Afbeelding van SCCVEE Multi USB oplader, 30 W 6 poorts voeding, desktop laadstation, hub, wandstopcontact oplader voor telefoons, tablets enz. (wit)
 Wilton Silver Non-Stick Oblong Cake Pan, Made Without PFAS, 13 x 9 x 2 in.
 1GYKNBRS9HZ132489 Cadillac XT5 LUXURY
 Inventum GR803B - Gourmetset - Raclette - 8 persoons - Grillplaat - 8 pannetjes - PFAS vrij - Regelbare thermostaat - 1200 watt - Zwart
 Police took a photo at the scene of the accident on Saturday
◆ ◆ ◆ ◆ ◆ ◆ ◆
A complete, exact copy of the material above is the expected answer.

Afbeelding van SCCVEE Multi USB oplader, 30 W 6 poorts voeding, desktop laadstation, hub, wandstopcontact oplader voor telefoons, tablets enz. (wit)
 Wilton Silver Non-Stick Oblong Cake Pan, Made Without PFAS, 13 x 9 x 2 in.
 1GYKNBRS9HZ132489 Cadillac XT5 LUXURY
 Inventum GR803B - Gourmetset - Raclette - 8 persoons - Grillplaat - 8 pannetjes - PFAS vrij - Regelbare thermostaat - 1200 watt - Zwart
 Police took a photo at the scene of the accident on Saturday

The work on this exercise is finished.